LA NUBE

la nube

«En La nube está todo y por eso, navegándola, me topo con ese recuerdo que tanto costó olvidar», asi comienza el nuevo relato dominical. ¿Te animás a descubrirlo?

Por TP Ahumada

1

En “la nube” está todo y por eso, navegándola, me topo con ese recuerdo que tanto costó olvidar.

2

Sólo una fotografía reciente en una página de busca empleos fría como un cubito.

Me cuesta reconocerla. Los labios, el peinado, esas gafas enmarcadas en baquelita blanca. No está destruida, sólo es distinta.

3

Cuando cortamos dolió. Yo no podía creerlo. A esas alturas del partido revivir las angustias de un adolescente y ella como si nada. Se sentía segura; entendía que si se arrepentía sólo necesitaría levantar el teléfono para decirme “hola”.

No puedo dejar de mirarla. Mi desconcierto está en el rostro, en ese look tan ajeno a lo que yo veía cuando me enamore de ella.

4

Es sabido que la atracción física entre dos cuerpos se extingue en un momento exacto, algo así como en dos años, cuatro meses, una semana, quince horas y seis minutos… Después de transcurrido este lapso temporal la cosa continua por amistad, acostumbramiento o desidia. A ella no la asaltó esto último. Pago yo la primera cuota de nuestro departamento y a los tres días me da el portazo.

—Mina que empieza de a dos termina de a dos…

Así dijo un sabio transeúnte y sí, nosotros habíamos comenzado de a dos; yo fui el clavo que sacó a otro clavo. Cuando terminamos, amistades comunes me hablaron de “el otro”.

5

Gruñí, maldije, lloré, soñé. Fueron meses fastidiosos; la visita al psiquiatra se volvió impostergable.

—Una todos los días.

Medicación a la cual yo agregué cierta dosis de wiski. Igual todo tardó. De día en día aguardaba una señal de retorno y, esta vez, eso no sucedió.

6

Pasados los años esta fotografía en “la nube”. La conocí y me enamoré; hoy no entiendo de qué.

—Somos incompatibles.

Volvió habitual esta frase después de unas cuantas visitas a casa de una amiga cuyo hermano era marinero.

—A mí me gusta el fútbol, a vos no… A vos te gustan los libros, a mí no…

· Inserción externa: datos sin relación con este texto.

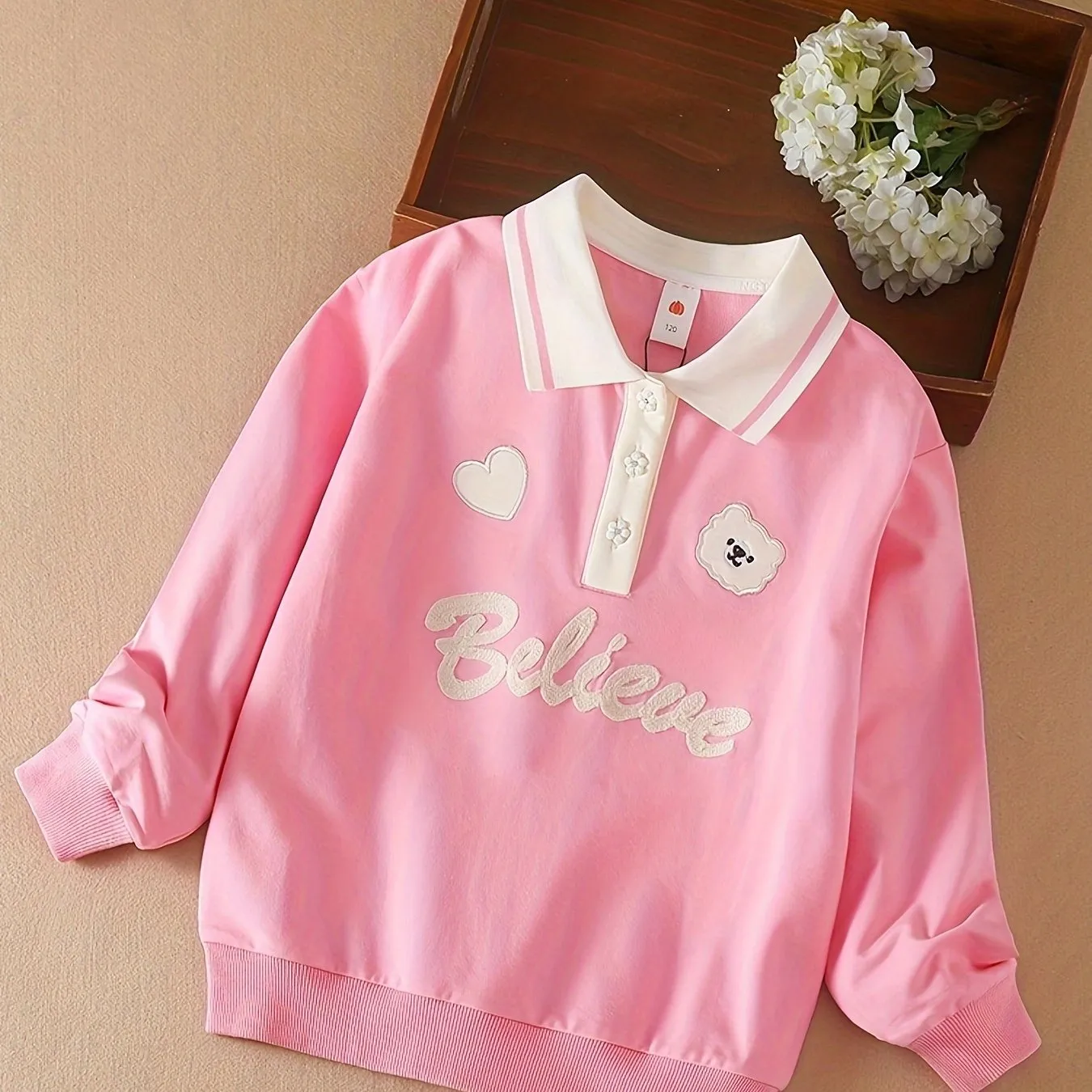 Girls' Cartoon Character Embroidered Comfort Fit Long Sleeve Sweatshirt - Soft Brushed Fabric, Button Collar, Relaxed Fit, Casual Wear for School, Daily Life - Vibrant Colors, Fun Designs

Yo la escuchaba sin replicar, pero sospechando de ese marinero.

7

—Te volvió a llamar —pregunta Juana al ver la fotografía que imprimí anoche.

—¿Cómo la ves?

—Está igualita —responde mi colega especializada en la historia del próximo oriente asiático.

—¿De verdad?

—Pregúntale a Olga, a ella también se la presentaste.

Fui más allá de Olga y todos dijeron lo mismo.

8

Muchos grandes hombres no admiten la existencia de la casualidad y, sin embargo…

—Hola.

Reconozco ese tono de voz y me hago el tonto.

—¿Quién es?

—Yo.

9

No me congelo. No me derrito.

—Qué pasa, te molesto, estas ocupado…

—No estoy haciendo nada…

No busco una cita y menos que menos en ese albergue de lujo con spa, masajistas y vista al río más ancho del mundo.

—¿No tenés ganas de hablar?

—Somos incompatibles, ¿te acordas?

Se me escapa esta respuesta. Pura tentación y oportunidad tintada de revanchismo y autosuficiencia.

—Bueno, chau… Si algún día tenés ganas… —balbucea escondiendo su sorpresa.

—Agendo tu número…

10

Aseguran que un pelo de concha tira más que una yunta de bueyes, y en mi caso esto fue así; más hoy, ese poderoso cabello ha perdido su fuerza y no por culpa de otro clavo —no tengo novia, sólo amigas y casi todas “compatibles”—. Superado el trance siento alivio, acabo de comprobar que vivir sin ella no está nada mal.

Extraído de “Descorazonados o La burla del Destino”.